◆ Problem to solve ◆
Please repeat exactly the lines below from the one containing "3128 HONEOYE TRL, LAKELAND, FL, 33810" down to the one containing "[인사이트] kt cloud의", both included, and nothing else.

◆ Data ◆
———
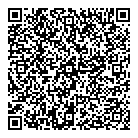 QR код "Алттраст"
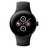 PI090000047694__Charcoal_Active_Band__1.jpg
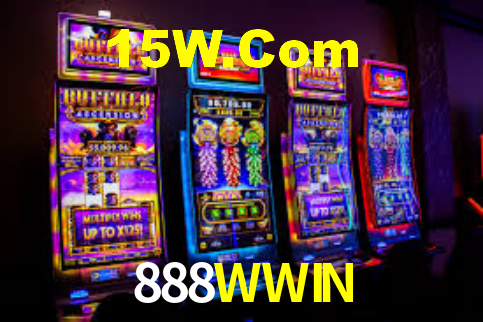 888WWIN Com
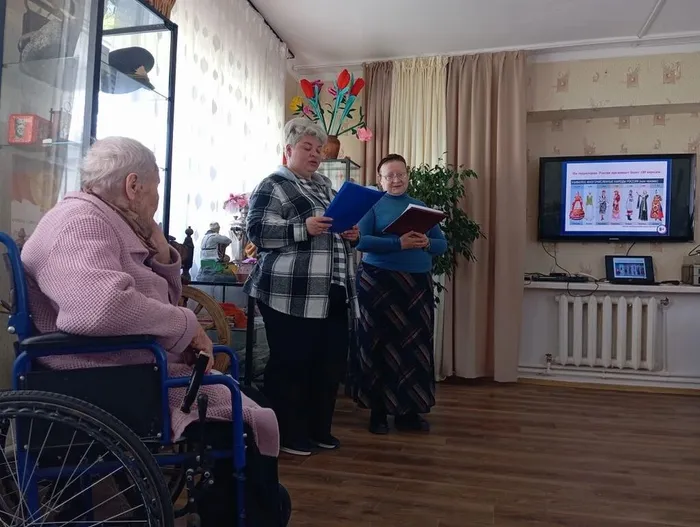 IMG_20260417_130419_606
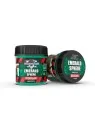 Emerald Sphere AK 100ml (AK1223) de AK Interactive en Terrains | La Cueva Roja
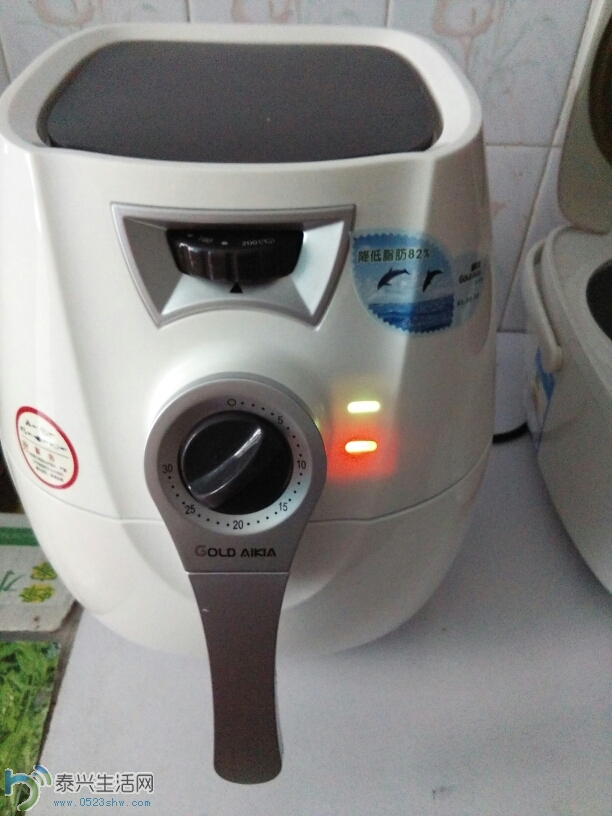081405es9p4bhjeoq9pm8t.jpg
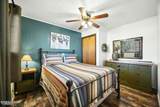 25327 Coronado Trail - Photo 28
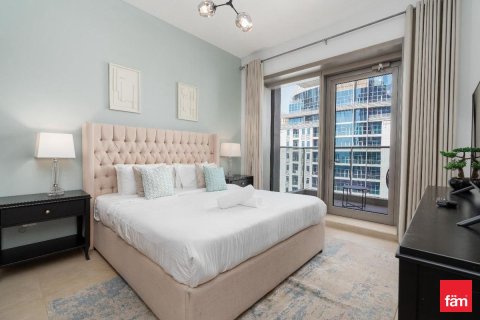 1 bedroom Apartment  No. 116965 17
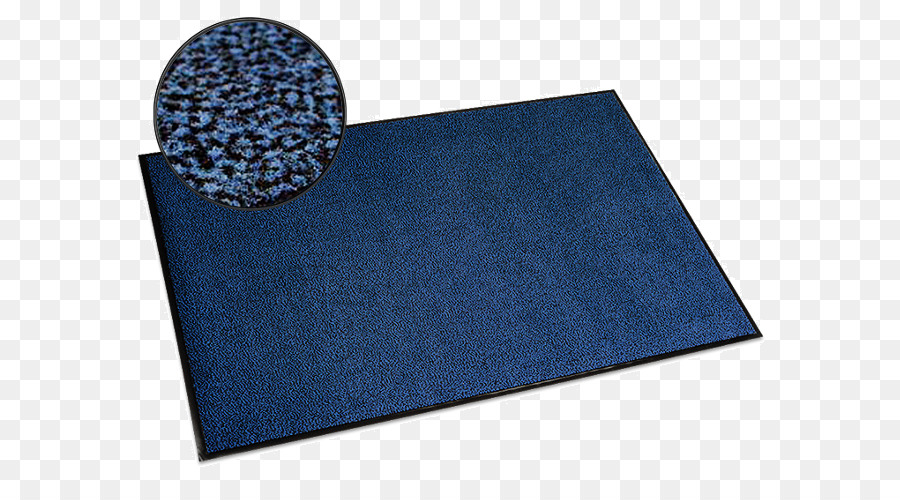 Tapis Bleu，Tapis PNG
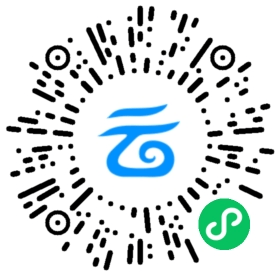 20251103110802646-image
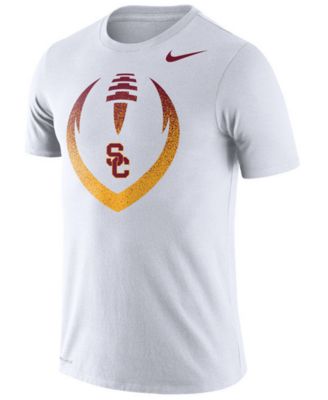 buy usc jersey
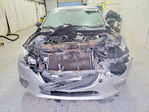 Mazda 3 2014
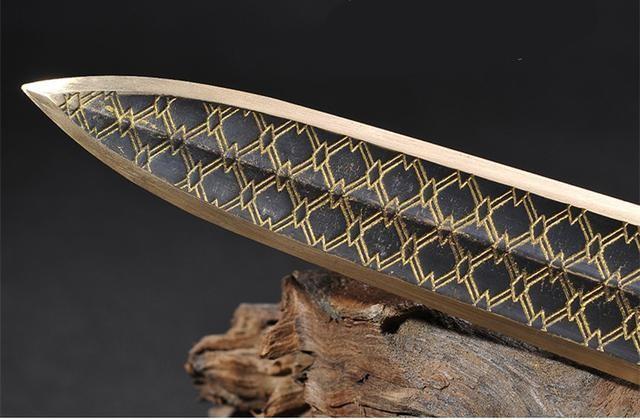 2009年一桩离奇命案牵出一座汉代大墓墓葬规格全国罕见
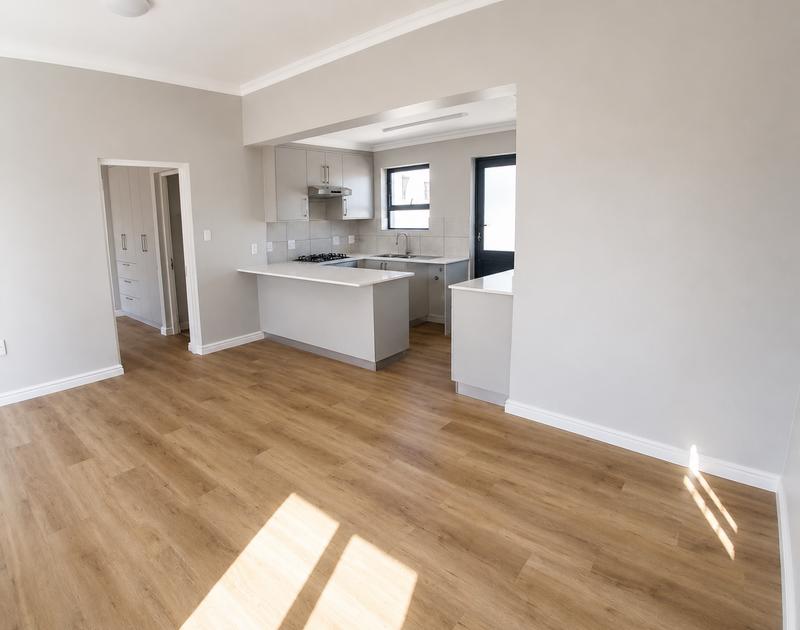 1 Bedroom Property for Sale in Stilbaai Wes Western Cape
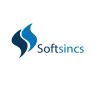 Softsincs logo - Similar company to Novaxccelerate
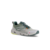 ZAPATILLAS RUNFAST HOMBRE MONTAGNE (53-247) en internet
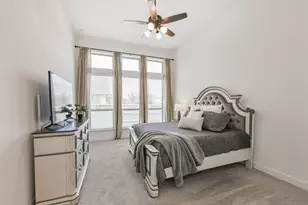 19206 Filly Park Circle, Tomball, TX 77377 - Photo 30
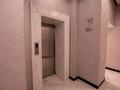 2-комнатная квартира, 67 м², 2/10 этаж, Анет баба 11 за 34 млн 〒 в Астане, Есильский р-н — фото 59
———
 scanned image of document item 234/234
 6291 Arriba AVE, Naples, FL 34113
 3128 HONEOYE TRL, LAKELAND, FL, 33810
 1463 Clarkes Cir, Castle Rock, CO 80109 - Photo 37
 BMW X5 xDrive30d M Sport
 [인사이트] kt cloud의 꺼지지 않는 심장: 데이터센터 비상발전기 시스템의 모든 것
———
◆ Solution ◆
 3128 HONEOYE TRL, LAKELAND, FL, 33810
 1463 Clarkes Cir, Castle Rock, CO 80109 - Photo 37
 BMW X5 xDrive30d M Sport
 [인사이트] kt cloud의 꺼지지 않는 심장: 데이터센터 비상발전기 시스템의 모든 것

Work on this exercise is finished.